» **What this task involves**
Each line below has to be output exactly, from first to last.

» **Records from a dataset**
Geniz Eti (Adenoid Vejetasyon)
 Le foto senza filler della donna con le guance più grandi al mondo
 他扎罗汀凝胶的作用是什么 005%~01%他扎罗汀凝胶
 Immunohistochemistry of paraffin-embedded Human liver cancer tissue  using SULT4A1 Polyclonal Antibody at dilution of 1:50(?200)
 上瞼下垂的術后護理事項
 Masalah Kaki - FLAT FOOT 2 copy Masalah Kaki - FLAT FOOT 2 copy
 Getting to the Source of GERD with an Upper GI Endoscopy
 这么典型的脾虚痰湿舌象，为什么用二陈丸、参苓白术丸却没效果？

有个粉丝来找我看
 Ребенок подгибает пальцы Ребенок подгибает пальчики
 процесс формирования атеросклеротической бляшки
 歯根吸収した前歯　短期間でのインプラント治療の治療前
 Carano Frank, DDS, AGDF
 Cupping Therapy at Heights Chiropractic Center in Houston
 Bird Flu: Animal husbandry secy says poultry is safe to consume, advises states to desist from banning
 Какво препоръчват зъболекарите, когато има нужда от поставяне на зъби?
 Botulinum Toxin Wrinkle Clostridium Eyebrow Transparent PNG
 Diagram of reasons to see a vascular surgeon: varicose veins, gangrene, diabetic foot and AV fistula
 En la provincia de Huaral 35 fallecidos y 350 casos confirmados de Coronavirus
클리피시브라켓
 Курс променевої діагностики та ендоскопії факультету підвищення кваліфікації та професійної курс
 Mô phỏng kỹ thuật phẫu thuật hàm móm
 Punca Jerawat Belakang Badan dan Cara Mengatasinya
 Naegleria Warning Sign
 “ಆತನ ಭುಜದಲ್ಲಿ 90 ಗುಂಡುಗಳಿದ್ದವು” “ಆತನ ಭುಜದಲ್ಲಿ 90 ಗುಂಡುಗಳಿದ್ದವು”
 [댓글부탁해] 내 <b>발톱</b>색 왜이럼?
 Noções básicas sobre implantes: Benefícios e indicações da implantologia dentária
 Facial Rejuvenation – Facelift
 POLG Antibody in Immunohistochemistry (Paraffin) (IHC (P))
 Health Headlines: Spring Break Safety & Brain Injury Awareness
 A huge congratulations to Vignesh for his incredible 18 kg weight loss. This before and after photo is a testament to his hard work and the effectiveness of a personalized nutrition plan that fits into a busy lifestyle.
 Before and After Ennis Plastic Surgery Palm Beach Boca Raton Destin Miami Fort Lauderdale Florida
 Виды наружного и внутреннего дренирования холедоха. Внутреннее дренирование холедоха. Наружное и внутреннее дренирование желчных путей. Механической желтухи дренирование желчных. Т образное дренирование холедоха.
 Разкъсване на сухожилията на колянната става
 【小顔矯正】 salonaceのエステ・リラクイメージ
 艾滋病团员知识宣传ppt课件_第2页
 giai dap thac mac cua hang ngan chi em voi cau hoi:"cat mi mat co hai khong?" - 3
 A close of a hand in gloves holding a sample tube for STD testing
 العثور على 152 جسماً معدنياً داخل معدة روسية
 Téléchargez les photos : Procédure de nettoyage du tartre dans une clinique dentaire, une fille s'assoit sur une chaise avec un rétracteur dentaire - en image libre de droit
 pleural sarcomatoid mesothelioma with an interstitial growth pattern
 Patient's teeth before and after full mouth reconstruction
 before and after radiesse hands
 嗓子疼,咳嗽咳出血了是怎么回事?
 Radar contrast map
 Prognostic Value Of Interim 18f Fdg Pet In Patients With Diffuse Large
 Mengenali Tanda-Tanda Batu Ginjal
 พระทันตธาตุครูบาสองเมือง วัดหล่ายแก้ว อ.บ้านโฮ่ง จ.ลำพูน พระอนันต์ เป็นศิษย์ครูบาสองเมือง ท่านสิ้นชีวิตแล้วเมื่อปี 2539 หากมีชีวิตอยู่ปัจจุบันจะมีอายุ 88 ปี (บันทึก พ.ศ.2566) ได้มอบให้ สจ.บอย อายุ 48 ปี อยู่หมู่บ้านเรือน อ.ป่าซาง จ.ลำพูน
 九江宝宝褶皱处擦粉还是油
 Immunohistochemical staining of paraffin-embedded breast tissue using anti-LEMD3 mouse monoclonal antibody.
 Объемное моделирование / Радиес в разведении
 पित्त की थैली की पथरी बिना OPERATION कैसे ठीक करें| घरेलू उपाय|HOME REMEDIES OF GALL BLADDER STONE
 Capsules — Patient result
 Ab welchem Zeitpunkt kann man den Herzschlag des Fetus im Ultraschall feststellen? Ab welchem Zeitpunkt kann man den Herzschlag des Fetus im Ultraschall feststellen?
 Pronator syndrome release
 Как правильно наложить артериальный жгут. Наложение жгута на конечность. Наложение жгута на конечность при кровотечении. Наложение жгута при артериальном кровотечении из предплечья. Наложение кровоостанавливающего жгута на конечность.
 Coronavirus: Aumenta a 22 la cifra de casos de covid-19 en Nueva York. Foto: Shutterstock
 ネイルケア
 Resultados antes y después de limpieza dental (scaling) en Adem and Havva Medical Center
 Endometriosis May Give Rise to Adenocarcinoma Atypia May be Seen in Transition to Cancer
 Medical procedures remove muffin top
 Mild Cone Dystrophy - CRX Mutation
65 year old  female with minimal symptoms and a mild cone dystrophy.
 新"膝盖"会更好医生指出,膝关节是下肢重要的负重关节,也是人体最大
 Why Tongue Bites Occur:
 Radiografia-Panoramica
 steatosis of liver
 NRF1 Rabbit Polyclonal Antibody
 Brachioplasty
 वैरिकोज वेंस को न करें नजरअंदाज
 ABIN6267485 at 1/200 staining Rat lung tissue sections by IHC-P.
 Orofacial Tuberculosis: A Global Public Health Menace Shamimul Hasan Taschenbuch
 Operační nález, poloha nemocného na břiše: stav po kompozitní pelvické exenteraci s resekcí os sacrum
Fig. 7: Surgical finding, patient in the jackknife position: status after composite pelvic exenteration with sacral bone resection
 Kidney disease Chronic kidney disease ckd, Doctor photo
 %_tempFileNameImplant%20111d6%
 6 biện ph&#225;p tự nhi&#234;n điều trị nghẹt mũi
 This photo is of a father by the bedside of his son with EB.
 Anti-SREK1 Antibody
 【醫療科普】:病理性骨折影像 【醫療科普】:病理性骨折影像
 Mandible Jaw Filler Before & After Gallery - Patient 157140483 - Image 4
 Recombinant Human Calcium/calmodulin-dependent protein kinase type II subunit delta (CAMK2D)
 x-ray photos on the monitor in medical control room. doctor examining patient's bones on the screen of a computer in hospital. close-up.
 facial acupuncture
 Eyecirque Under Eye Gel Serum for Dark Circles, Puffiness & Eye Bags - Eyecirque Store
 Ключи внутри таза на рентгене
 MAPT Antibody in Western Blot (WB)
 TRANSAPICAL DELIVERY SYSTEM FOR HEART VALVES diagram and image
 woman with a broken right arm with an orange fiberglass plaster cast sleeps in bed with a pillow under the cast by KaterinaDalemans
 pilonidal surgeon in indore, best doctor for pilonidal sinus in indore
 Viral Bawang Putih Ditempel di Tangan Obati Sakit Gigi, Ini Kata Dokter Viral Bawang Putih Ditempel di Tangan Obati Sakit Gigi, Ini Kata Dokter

» **Answer box**
Geniz Eti (Adenoid Vejetasyon)
 Le foto senza filler della donna con le guance più grandi al mondo
 他扎罗汀凝胶的作用是什么 005%~01%他扎罗汀凝胶
 Immunohistochemistry of paraffin-embedded Human liver cancer tissue  using SULT4A1 Polyclonal Antibody at dilution of 1:50(?200)
 上瞼下垂的術后護理事項
 Masalah Kaki - FLAT FOOT 2 copy Masalah Kaki - FLAT FOOT 2 copy
 Getting to the Source of GERD with an Upper GI Endoscopy
 这么典型的脾虚痰湿舌象，为什么用二陈丸、参苓白术丸却没效果？

有个粉丝来找我看
 Ребенок подгибает пальцы Ребенок подгибает пальчики
 процесс формирования атеросклеротической бляшки
 歯根吸収した前歯　短期間でのインプラント治療の治療前
 Carano Frank, DDS, AGDF
 Cupping Therapy at Heights Chiropractic Center in Houston
 Bird Flu: Animal husbandry secy says poultry is safe to consume, advises states to desist from banning
 Какво препоръчват зъболекарите, когато има нужда от поставяне на зъби?
 Botulinum Toxin Wrinkle Clostridium Eyebrow Transparent PNG
 Diagram of reasons to see a vascular surgeon: varicose veins, gangrene, diabetic foot and AV fistula
 En la provincia de Huaral 35 fallecidos y 350 casos confirmados de Coronavirus
클리피시브라켓
 Курс променевої діагностики та ендоскопії факультету підвищення кваліфікації та професійної курс
 Mô phỏng kỹ thuật phẫu thuật hàm móm
 Punca Jerawat Belakang Badan dan Cara Mengatasinya
 Naegleria Warning Sign
 “ಆತನ ಭುಜದಲ್ಲಿ 90 ಗುಂಡುಗಳಿದ್ದವು” “ಆತನ ಭುಜದಲ್ಲಿ 90 ಗುಂಡುಗಳಿದ್ದವು”
 [댓글부탁해] 내 <b>발톱</b>색 왜이럼?
 Noções básicas sobre implantes: Benefícios e indicações da implantologia dentária
 Facial Rejuvenation – Facelift
 POLG Antibody in Immunohistochemistry (Paraffin) (IHC (P))
 Health Headlines: Spring Break Safety & Brain Injury Awareness
 A huge congratulations to Vignesh for his incredible 18 kg weight loss. This before and after photo is a testament to his hard work and the effectiveness of a personalized nutrition plan that fits into a busy lifestyle.
 Before and After Ennis Plastic Surgery Palm Beach Boca Raton Destin Miami Fort Lauderdale Florida
 Виды наружного и внутреннего дренирования холедоха. Внутреннее дренирование холедоха. Наружное и внутреннее дренирование желчных путей. Механической желтухи дренирование желчных. Т образное дренирование холедоха.
 Разкъсване на сухожилията на колянната става
 【小顔矯正】 salonaceのエステ・リラクイメージ
 艾滋病团员知识宣传ppt课件_第2页
 giai dap thac mac cua hang ngan chi em voi cau hoi:"cat mi mat co hai khong?" - 3
 A close of a hand in gloves holding a sample tube for STD testing
 العثور على 152 جسماً معدنياً داخل معدة روسية
 Téléchargez les photos : Procédure de nettoyage du tartre dans une clinique dentaire, une fille s'assoit sur une chaise avec un rétracteur dentaire - en image libre de droit
 pleural sarcomatoid mesothelioma with an interstitial growth pattern
 Patient's teeth before and after full mouth reconstruction
 before and after radiesse hands
 嗓子疼,咳嗽咳出血了是怎么回事?
 Radar contrast map
 Prognostic Value Of Interim 18f Fdg Pet In Patients With Diffuse Large
 Mengenali Tanda-Tanda Batu Ginjal
 พระทันตธาตุครูบาสองเมือง วัดหล่ายแก้ว อ.บ้านโฮ่ง จ.ลำพูน พระอนันต์ เป็นศิษย์ครูบาสองเมือง ท่านสิ้นชีวิตแล้วเมื่อปี 2539 หากมีชีวิตอยู่ปัจจุบันจะมีอายุ 88 ปี (บันทึก พ.ศ.2566) ได้มอบให้ สจ.บอย อายุ 48 ปี อยู่หมู่บ้านเรือน อ.ป่าซาง จ.ลำพูน
 九江宝宝褶皱处擦粉还是油
 Immunohistochemical staining of paraffin-embedded breast tissue using anti-LEMD3 mouse monoclonal antibody.
 Объемное моделирование / Радиес в разведении
 पित्त की थैली की पथरी बिना OPERATION कैसे ठीक करें| घरेलू उपाय|HOME REMEDIES OF GALL BLADDER STONE
 Capsules — Patient result
 Ab welchem Zeitpunkt kann man den Herzschlag des Fetus im Ultraschall feststellen? Ab welchem Zeitpunkt kann man den Herzschlag des Fetus im Ultraschall feststellen?
 Pronator syndrome release
 Как правильно наложить артериальный жгут. Наложение жгута на конечность. Наложение жгута на конечность при кровотечении. Наложение жгута при артериальном кровотечении из предплечья. Наложение кровоостанавливающего жгута на конечность.
 Coronavirus: Aumenta a 22 la cifra de casos de covid-19 en Nueva York. Foto: Shutterstock
 ネイルケア
 Resultados antes y después de limpieza dental (scaling) en Adem and Havva Medical Center
 Endometriosis May Give Rise to Adenocarcinoma Atypia May be Seen in Transition to Cancer
 Medical procedures remove muffin top
 Mild Cone Dystrophy - CRX Mutation
65 year old  female with minimal symptoms and a mild cone dystrophy.
 新"膝盖"会更好医生指出,膝关节是下肢重要的负重关节,也是人体最大
 Why Tongue Bites Occur:
 Radiografia-Panoramica
 steatosis of liver
 NRF1 Rabbit Polyclonal Antibody
 Brachioplasty
 वैरिकोज वेंस को न करें नजरअंदाज
 ABIN6267485 at 1/200 staining Rat lung tissue sections by IHC-P.
 Orofacial Tuberculosis: A Global Public Health Menace Shamimul Hasan Taschenbuch
 Operační nález, poloha nemocného na břiše: stav po kompozitní pelvické exenteraci s resekcí os sacrum
Fig. 7: Surgical finding, patient in the jackknife position: status after composite pelvic exenteration with sacral bone resection
 Kidney disease Chronic kidney disease ckd, Doctor photo
 %_tempFileNameImplant%20111d6%
 6 biện ph&#225;p tự nhi&#234;n điều trị nghẹt mũi
 This photo is of a father by the bedside of his son with EB.
 Anti-SREK1 Antibody
 【醫療科普】:病理性骨折影像 【醫療科普】:病理性骨折影像
 Mandible Jaw Filler Before & After Gallery - Patient 157140483 - Image 4
 Recombinant Human Calcium/calmodulin-dependent protein kinase type II subunit delta (CAMK2D)
 x-ray photos on the monitor in medical control room. doctor examining patient's bones on the screen of a computer in hospital. close-up.
 facial acupuncture
 Eyecirque Under Eye Gel Serum for Dark Circles, Puffiness & Eye Bags - Eyecirque Store
 Ключи внутри таза на рентгене
 MAPT Antibody in Western Blot (WB)
 TRANSAPICAL DELIVERY SYSTEM FOR HEART VALVES diagram and image
 woman with a broken right arm with an orange fiberglass plaster cast sleeps in bed with a pillow under the cast by KaterinaDalemans
 pilonidal surgeon in indore, best doctor for pilonidal sinus in indore
 Viral Bawang Putih Ditempel di Tangan Obati Sakit Gigi, Ini Kata Dokter Viral Bawang Putih Ditempel di Tangan Obati Sakit Gigi, Ini Kata Dokter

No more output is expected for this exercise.